[[ INPUT RECORDS open ]]

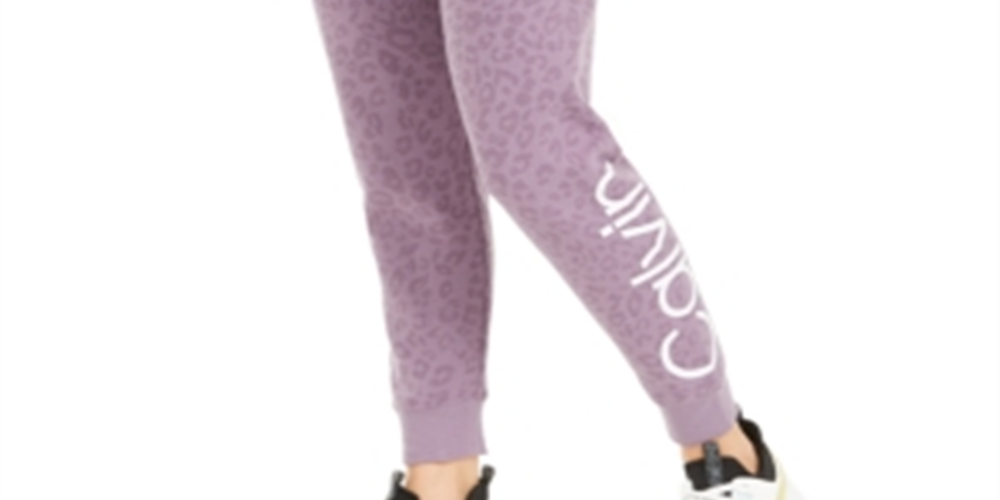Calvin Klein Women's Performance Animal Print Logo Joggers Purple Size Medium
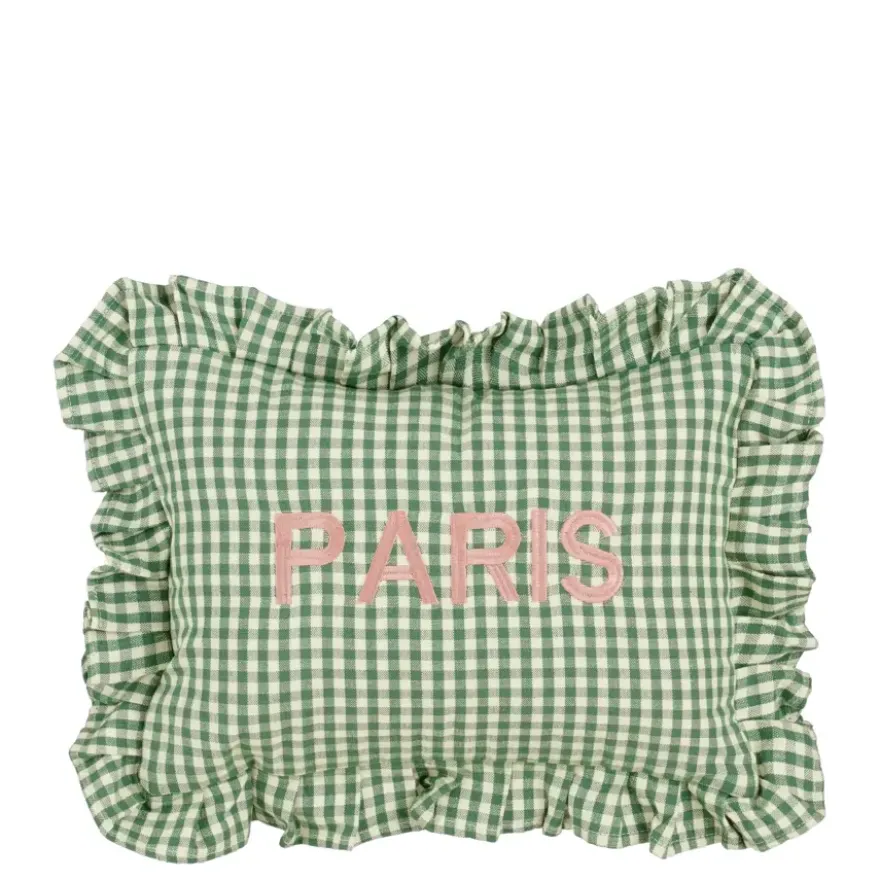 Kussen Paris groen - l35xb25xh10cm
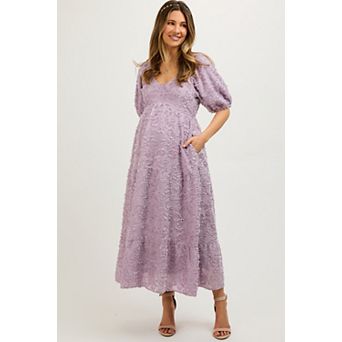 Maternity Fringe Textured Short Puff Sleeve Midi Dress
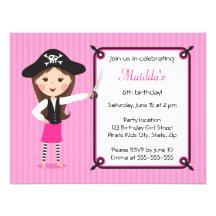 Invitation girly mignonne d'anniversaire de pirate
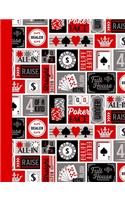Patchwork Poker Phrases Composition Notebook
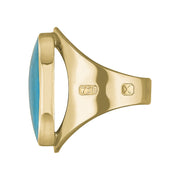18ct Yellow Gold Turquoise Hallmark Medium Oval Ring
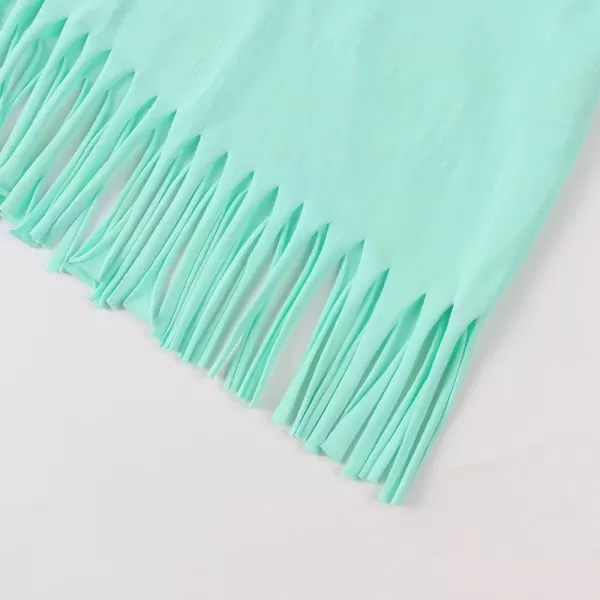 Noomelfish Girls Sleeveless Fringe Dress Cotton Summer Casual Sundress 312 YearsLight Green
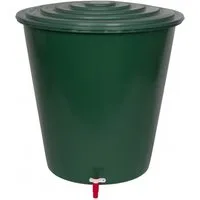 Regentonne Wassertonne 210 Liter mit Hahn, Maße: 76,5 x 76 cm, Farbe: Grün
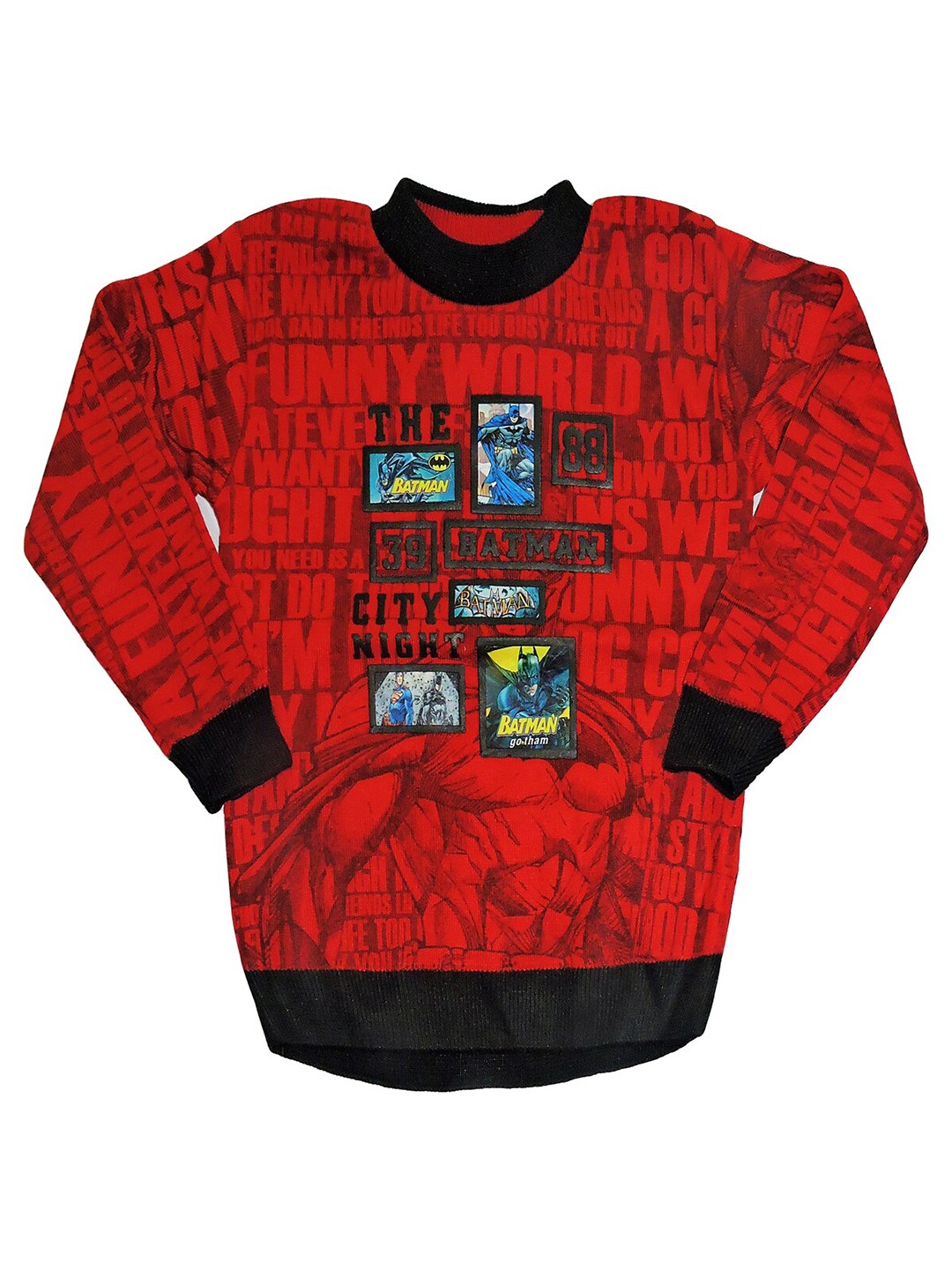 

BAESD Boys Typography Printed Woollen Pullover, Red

[[ INPUT RECORDS closed ]]

_ACTION ITEM_: Repeat the records above exactly, omitting every picture.

_TASK ANSWER_:
Calvin Klein Women's Performance Animal Print Logo Joggers Purple Size Medium
 Kussen Paris groen - l35xb25xh10cm
 Maternity Fringe Textured Short Puff Sleeve Midi Dress
 Invitation girly mignonne d'anniversaire de pirate
Patchwork Poker Phrases Composition Notebook
18ct Yellow Gold Turquoise Hallmark Medium Oval Ring
 Noomelfish Girls Sleeveless Fringe Dress Cotton Summer Casual Sundress 312 YearsLight Green
 Regentonne Wassertonne 210 Liter mit Hahn, Maße: 76,5 x 76 cm, Farbe: Grün

BAESD Boys Typography Printed Woollen Pullover, Red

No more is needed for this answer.